Так проходили дни и недели, и все не брала денег Таисия, и стали эти
деньги чем-то вроде колдовства, частицею нечистой силы, попавшей в дом:
никуда от них нельзя было спрятаться, целый день колдовали они над головою
Елены Дмитриевны, сидели в ее мыслях. К ящику комода, где они лежали,
стыдно и страшно было подойти, как убийце, хотелось спрятать их под тюфяк
или зарыть в землю. А тут пропал и Михаил Михайлович: потом оказалось, что
он ездил по поручению банка в провинцию, но Елена Дмитриевна этого не
знала. Таисии спросить не осмеливалась и мучилась страшными догадками:
что-то вроде настоящих длинных мыслей появилось у нее. Точнее, это была
одна мысль, внушенная ей страховым объявлением, но такая длинная, словно
клубок, медленно распускающийся.
Наконец и во сне увидела Елена Дмитриевна свои тридцать серебреников,-
эти ненужные, злые и страшные деньги. Сон был страшный, и старуха стонала,
металась по постели, задыхаясь и плача, пока гневным толчком не разбудила
ее Таисия.
— Что же это такое! — плакала от злости и горя Таисия, — куда мне от
тебя деваться? Богом клянусь, я больше не могу!
— Таичка!..
— Я человек работающий, я не могу без сна, а ты храпишь, как мопс —
как вам не стыдно, и где у вас совесть? Что же это! Я и не ем, и не сплю:
хотите, чтобы я сейчас же яду приняла? Я человек работающий, я и жизни не
видела за работой… куда мне деваться? Куда?
— Мне сон страшный приснился, я не виновата, я больше не буду.
— Врете вы! Сон — какие у вас сны! Нажралась за ужином, вот и
храпит… Ах, куда же мне деваться от тебя!
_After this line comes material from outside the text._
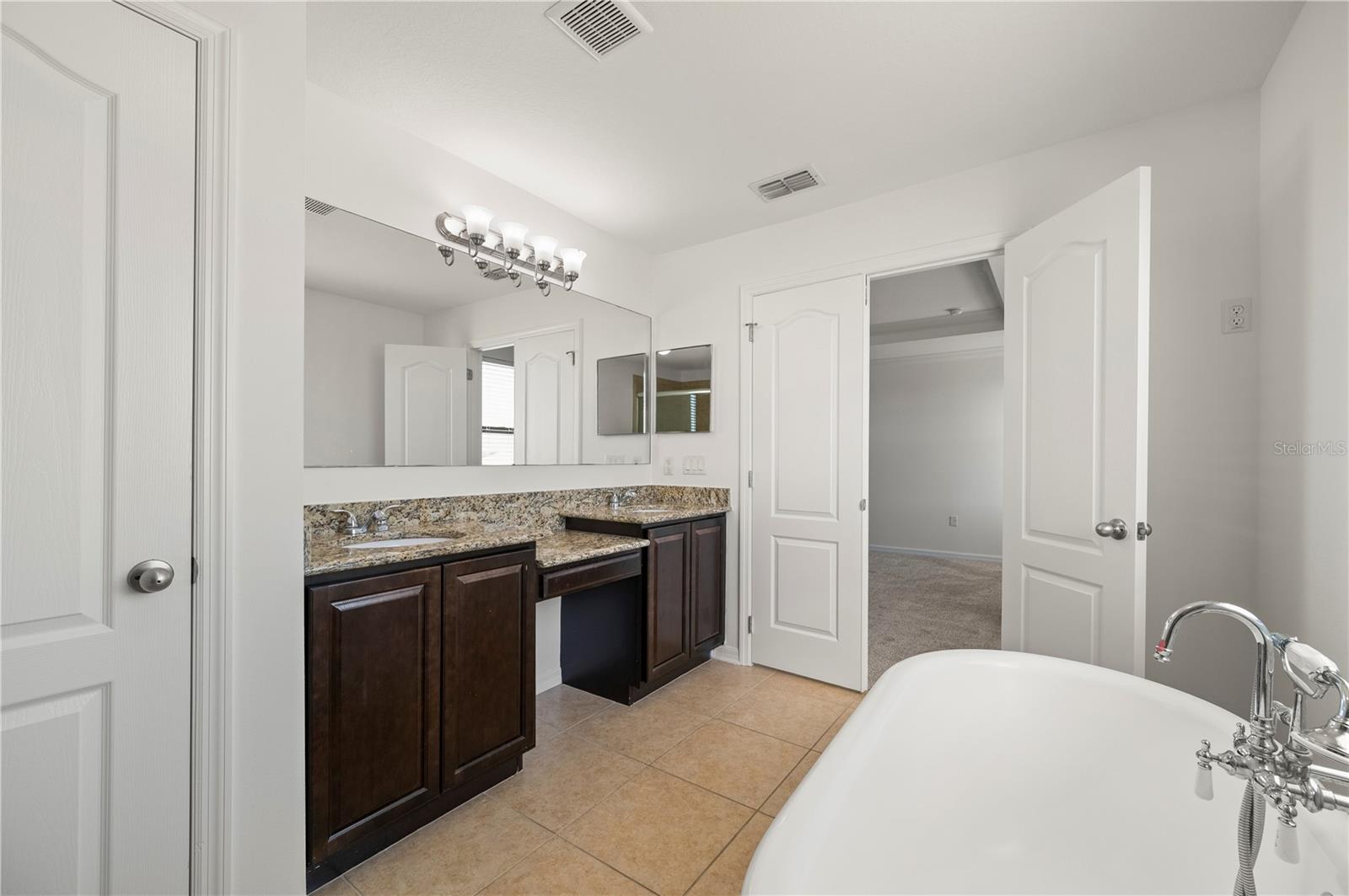 RIVER CLUB - Residential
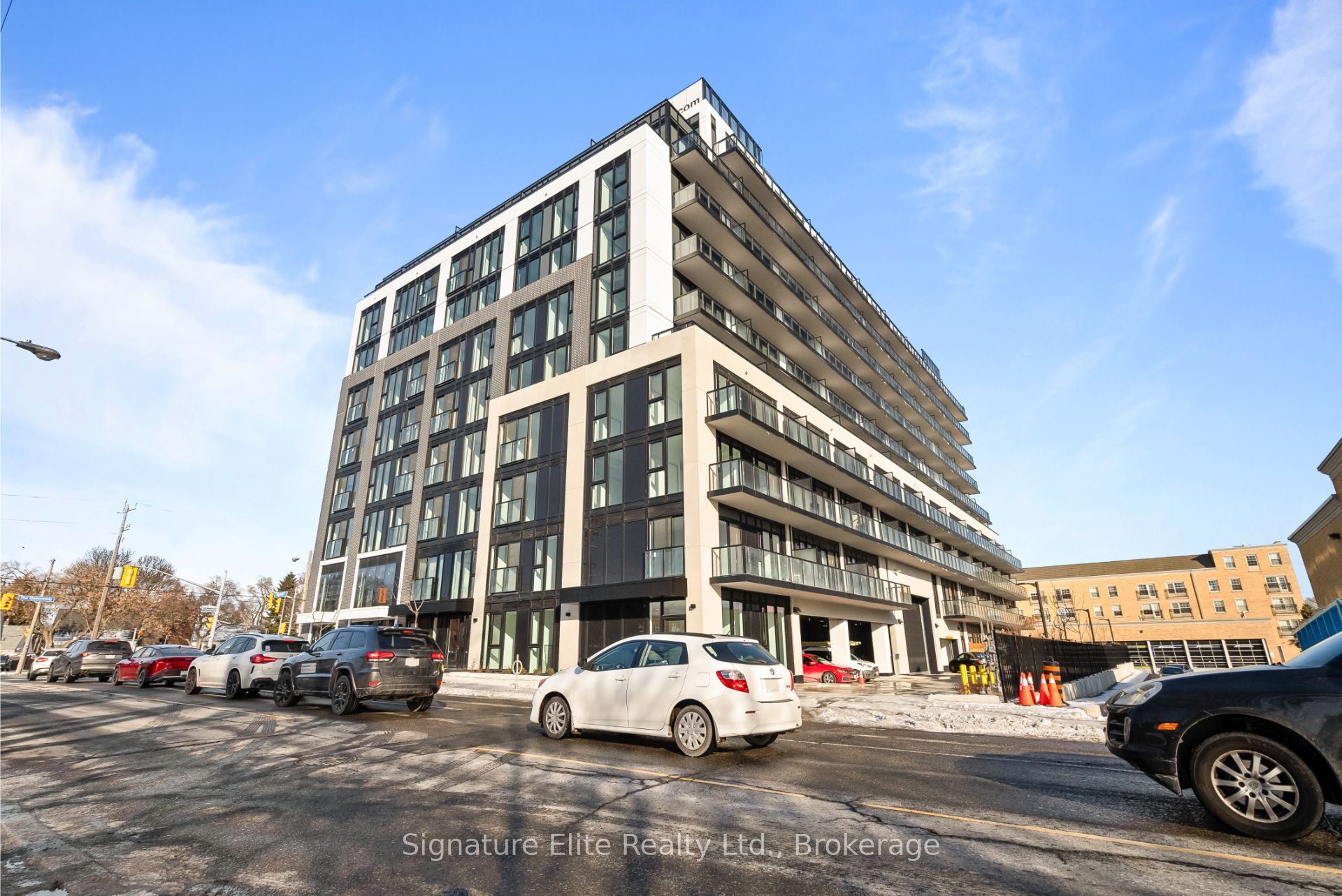 801 The Queensway N/a 1014 Property Photo 26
Укрылась с головою одеялом и долго еще и горько плакала, пока не
затихла. А мать, боясь возвращения сна и что снова она разбудит Таисию
стонами, долго лежала с открытыми глазами; потом, борясь с набегающей
дремой, села на кровати и до утра вздрагивала и никла головой, на которой
пышные волосы вздымались, как старинный придворный парик.

V

Страха перед смертью Елена Дмитриевна совершенно не испытывала, так
как не понимала самого главного: что такое смерть? В ее представлении
смерть имела только два образа: похорон, более или менее пышных, если
военных, то с музыкой — и могилки, которая может быть с цветами или без
цветов. Был еще тот свет, о котором рассказывают много пустяков, но если
чаще молиться и верить, то и на том свете будет хорошо. И чего же ей
бояться, если мужу, полковнику, она никогда не изменяла?
И не о смерти она думала, не о ее существе, пугающем людей, а о том,
что самоубийцам не платят, если они страхуются, и надо сделать какую-то
случайность, представить некоторый театр — тот самый театр, в котором
когда-то она так любила кушать конфеты и груши дюшес. Но что представлять?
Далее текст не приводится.